Our company has different departments, and they all live in different worlds. In one end we have our Telecom consultants. These are developing internal software and some commercial web based software for their customers. Our Professional Partner Services department are doing consultingware using the Digimaker CMS. And we have the Digimaker product R&D team. This part of the company is now in the process of moving from one world into another.
Websites
Until recently Digimaker has been delivering only consultingware. The Digimaker CMS product itself is not really what has been sold, but rather custom website implementations featuring a good CMS backend. The SiteBuilder has only been used by our own in-house deployment developers. Luckily, this has worked out quite well for us, and we got a good name in the market and some rather large customers all over the world.
In managing a consultingware project, you have a defined functional spec (SRS) that you work against. You have a defined cost that you need to keep within or you will lose money. You have a given time for when you are going to deliver, or you will lose money. All of this -- scope, cost, time -- is out of your control once the contract is signed by the customer. You are left to control resources and quality -- and to some very small extent, the scope, by creative fine-reading of the contracts. The product development team has been building the product in response to new features that these deployment projects needed.
The manager's job in this situation is to constrain all of these factors to fit inside the boundaries. He needs to track progress notoriously so he can provide delivery dates and see whether the project is slipping. So he needs to have a detailed plan of all tasks involved with accurate estimates. He needs to demand overtime, and motivate with bonuses and anything he can come up with to make the developers deliver on time and within budget. The deployment developers don't get much feeling of ownership of their code since they'll probably not see much of it again once it's delivered. The solution doesn't have to be particularly generalized or reusable because you just need it to work for this one customer, and you have limited time to use on those aspects. The quality aspect often comes second under these conditions, but that's fine as long as the product works well and delivers according to spec.
Another world
This consultingware work is now done by our partners and our Professional Partner Services department, and not R&D. We are now shifting our main focus onto selling Digmaker CMS as an off-the-shelf shrinkwrap product. We are moving from one world to another, where volumes are the way to go and custom implementations are a no-no. This of course requires a change in methods and in management.
When developing shrinkwrap a whole other way of working is called for. There are a different set of requirements and higher expectations from such a product than a custom solution. Our customers are now developers and not users. The product needs to "just work" in all of our partners' environments, so the quality aspect is not just important, but crucial, and the manager needs to put this in the highest priority. In this world we don't have to work within the constraints of a contract. We control all the aspects -- the quality by how we design, test and bugfix, the scope by what features we decide to include, our time of release, and our resources. We just need to find the optimal balance so we can deliver valuable features with high quality at a good speed to a reasonable cost. Otherwise we just won't be profitable.
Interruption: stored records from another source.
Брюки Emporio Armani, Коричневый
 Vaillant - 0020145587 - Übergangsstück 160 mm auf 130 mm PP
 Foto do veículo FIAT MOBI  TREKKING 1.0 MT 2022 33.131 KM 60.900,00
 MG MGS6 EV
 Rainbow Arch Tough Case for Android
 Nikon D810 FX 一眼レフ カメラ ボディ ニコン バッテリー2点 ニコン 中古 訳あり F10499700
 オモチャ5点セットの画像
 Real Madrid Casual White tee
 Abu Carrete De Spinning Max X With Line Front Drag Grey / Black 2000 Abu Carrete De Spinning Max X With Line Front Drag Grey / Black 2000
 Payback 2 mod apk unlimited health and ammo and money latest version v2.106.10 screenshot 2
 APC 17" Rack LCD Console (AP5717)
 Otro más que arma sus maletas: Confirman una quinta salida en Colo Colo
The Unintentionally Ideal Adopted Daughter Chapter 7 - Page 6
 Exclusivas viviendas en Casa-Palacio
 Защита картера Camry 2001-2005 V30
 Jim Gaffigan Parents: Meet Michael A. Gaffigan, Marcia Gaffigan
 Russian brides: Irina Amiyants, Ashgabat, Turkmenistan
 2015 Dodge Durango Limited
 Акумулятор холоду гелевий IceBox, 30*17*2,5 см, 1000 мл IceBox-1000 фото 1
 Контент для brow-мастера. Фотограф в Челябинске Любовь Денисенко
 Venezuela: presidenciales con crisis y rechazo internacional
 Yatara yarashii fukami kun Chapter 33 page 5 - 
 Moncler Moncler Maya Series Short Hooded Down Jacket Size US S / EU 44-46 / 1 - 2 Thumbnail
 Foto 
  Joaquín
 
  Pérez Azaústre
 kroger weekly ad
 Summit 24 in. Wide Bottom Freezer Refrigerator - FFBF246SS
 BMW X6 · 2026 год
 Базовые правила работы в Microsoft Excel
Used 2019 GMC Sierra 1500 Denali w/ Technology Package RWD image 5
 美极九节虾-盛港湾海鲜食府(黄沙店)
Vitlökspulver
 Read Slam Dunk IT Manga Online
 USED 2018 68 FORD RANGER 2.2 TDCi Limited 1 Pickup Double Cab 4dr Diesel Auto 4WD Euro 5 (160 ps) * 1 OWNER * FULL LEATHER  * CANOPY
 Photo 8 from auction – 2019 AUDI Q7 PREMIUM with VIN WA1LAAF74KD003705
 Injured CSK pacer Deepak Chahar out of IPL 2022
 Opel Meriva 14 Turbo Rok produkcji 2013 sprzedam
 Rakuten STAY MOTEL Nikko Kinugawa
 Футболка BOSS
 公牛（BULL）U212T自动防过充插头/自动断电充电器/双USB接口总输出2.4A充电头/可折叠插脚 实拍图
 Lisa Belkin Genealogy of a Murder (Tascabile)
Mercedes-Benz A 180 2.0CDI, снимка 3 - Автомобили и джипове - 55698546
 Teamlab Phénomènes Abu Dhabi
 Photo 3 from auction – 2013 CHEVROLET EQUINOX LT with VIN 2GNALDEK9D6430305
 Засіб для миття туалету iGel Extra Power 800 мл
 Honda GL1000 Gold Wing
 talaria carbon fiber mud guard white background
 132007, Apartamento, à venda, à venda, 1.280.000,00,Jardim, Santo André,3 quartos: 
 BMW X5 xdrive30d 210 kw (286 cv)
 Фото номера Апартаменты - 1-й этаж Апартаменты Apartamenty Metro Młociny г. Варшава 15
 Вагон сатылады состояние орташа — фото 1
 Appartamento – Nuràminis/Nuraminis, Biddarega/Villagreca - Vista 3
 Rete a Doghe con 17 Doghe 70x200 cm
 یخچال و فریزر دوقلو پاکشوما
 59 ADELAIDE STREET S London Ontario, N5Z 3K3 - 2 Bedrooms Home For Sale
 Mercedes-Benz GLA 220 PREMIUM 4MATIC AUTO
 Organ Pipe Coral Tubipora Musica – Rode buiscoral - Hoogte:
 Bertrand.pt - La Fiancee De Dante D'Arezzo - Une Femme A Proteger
The manager needs to understand this world and act accordingly. Creating a strong product is a creative process so we need room to think, research and experiment. There is less need for a long-running project plan since we are only planning toward our next release, and we have the choice to reprioritize, or to cut or delay features that we don't get time for, or that prove to be tougher to solve than expected. We need to listen carefully to the sum of our customers so we can hammer out the dents, and prioritize features that are widely asked for or that reduce barriers and open our product to new markets.